R API for the Trevas VTL engine :8ball:

Primary LanguageRMIT LicenseMIT

darkr

darkr is an R package that wraps Trevas, a Java VTL engine.

What is VTL ?

VTL is a standard language for defining validation and transformation rules (set of operators, their syntax and semantics) for any kind of statistical data

For more information, follow this.

How to use it?

darkr will be available on CRAN as soon as a sufficiently large set of features is developed and tested.

For now, you need to clone this repository, open the project in RStudio, then load the package using devtools::load_all().

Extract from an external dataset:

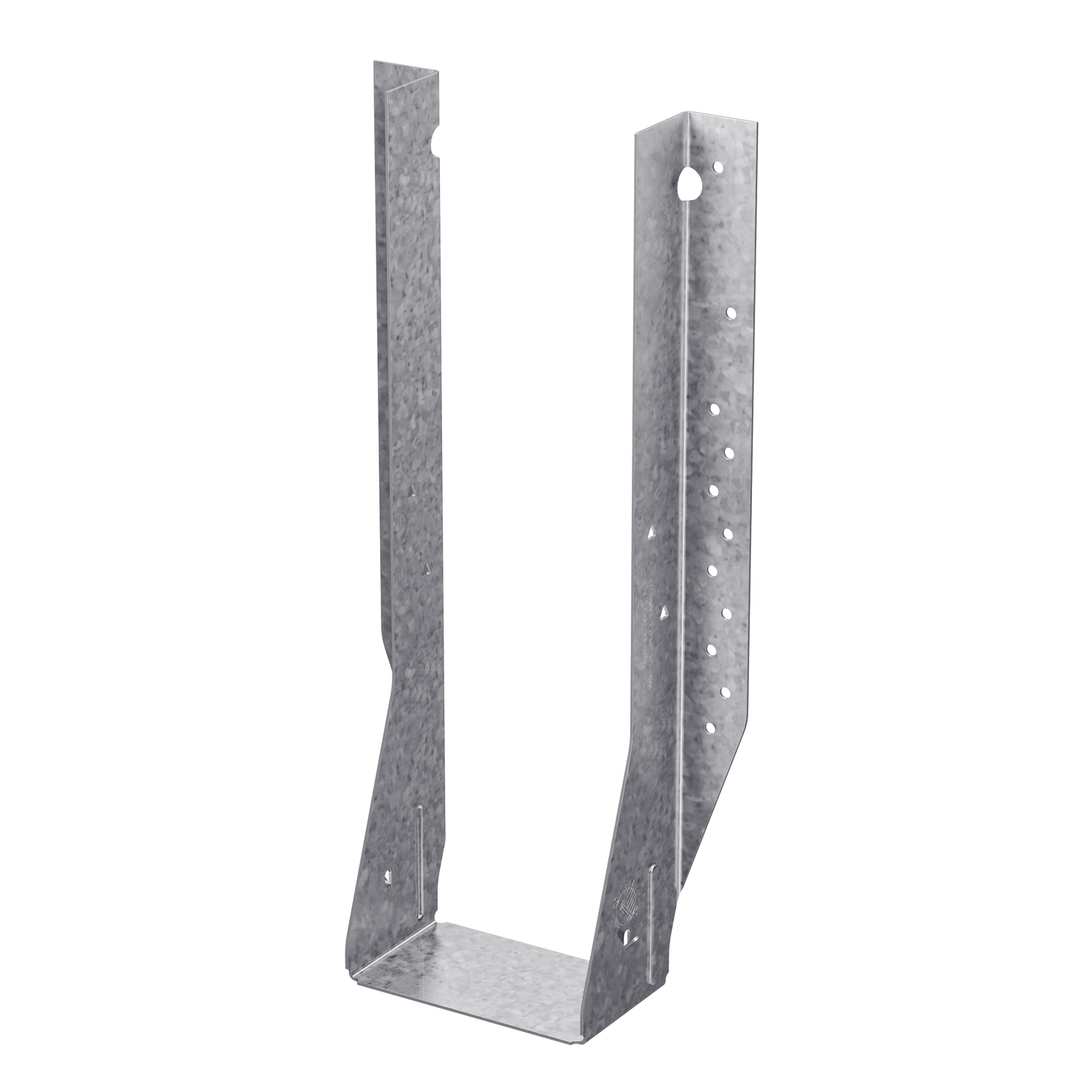 Simpson Strong-Tie MIU4.12/14 MIU Galvanized Face-Mount Joist Hanger for 4 in. x 14 in. Engineered Wood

You could also install it via devtools::install_github("romaintailhurat/darkr").

Once done, try:

res <- darkr::vtl_eval("a := 3 * 3; b := 33; c := a + b;")
# 42

You can also use a VTL expression over a dataframe:

df <- darkr:::mock_df()
# names(df)
# [1] "id"   "name" "age"
ds <- darkr::df_to_ds(df)
new_ds <- darkr::vtl_eval("new_ds := ds[ drop age ];", ds)
new_df <- darkr::ds_to_df(new_ds)
# names(new_df)
# [1] "id"   "name"

Limits

This is a work in progress, some important parts are missing:

  • we create a VTL identifier based on column names id or name if they exist, overriding is not possible,
  • multiple bindings are not supported,
  • the Java implementation of a dataset currently used is very basic, it is probably not intended to be on par with native R performance.

Roadmap

  • Basic wrapping of Trevas
  • Dataframes operations :
    • basic support of Trevas dataset operations
    • transformation function from a dataframe to a Trevas dataset
    • back from a dataset to a dataframe
  • Evaluation
    • Support multiple bindings when evaluating a VTL expression
    • Directly support R values for bindings (eg data frames)
    • Implement a VTL expression builder
  • Benchmarking
    • Compare pure R operations VS Trevas

How to developp?

TODO

Java dependency

For now, in order to include Trevas as a jar, you need to clone the GitHub repo, and produce the jar file using mvn package and then copy it.

In two steps :

cd ~/code/vtl/Trevas/vtl-engine/
mvn package

then:

cd ~/code/vtl/darkr/
cp ../Trevas/vtl-engine/target/vtl-engine-0.1.0-jar-with-dependencies.jar ./java/

Why the name?

Because the package is using Trevas, the Java VTL engine, and trevas means "darkness" in Portuguese.